WHAT IS REQUIRED: A faithful transcription of all lines below is the expected answer.

SUPPLIED DATA:
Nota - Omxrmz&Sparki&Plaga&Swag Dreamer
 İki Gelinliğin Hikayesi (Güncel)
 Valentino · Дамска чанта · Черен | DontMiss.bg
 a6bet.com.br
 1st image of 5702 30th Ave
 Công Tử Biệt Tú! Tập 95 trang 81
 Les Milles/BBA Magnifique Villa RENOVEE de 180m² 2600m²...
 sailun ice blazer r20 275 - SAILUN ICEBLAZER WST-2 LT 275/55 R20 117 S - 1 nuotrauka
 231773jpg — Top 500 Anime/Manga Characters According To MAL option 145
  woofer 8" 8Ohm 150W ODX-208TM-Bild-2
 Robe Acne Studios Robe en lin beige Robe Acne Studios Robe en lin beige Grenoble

COMPLETED TASK:
Nota - Omxrmz&Sparki&Plaga&Swag Dreamer
 İki Gelinliğin Hikayesi (Güncel)
 Valentino · Дамска чанта · Черен | DontMiss.bg
 a6bet.com.br
 1st image of 5702 30th Ave
 Công Tử Biệt Tú! Tập 95 trang 81
 Les Milles/BBA Magnifique Villa RENOVEE de 180m² 2600m²...
 sailun ice blazer r20 275 - SAILUN ICEBLAZER WST-2 LT 275/55 R20 117 S - 1 nuotrauka
 231773jpg — Top 500 Anime/Manga Characters According To MAL option 145
  woofer 8" 8Ohm 150W ODX-208TM-Bild-2
 Robe Acne Studios Robe en lin beige Robe Acne Studios Robe en lin beige Grenoble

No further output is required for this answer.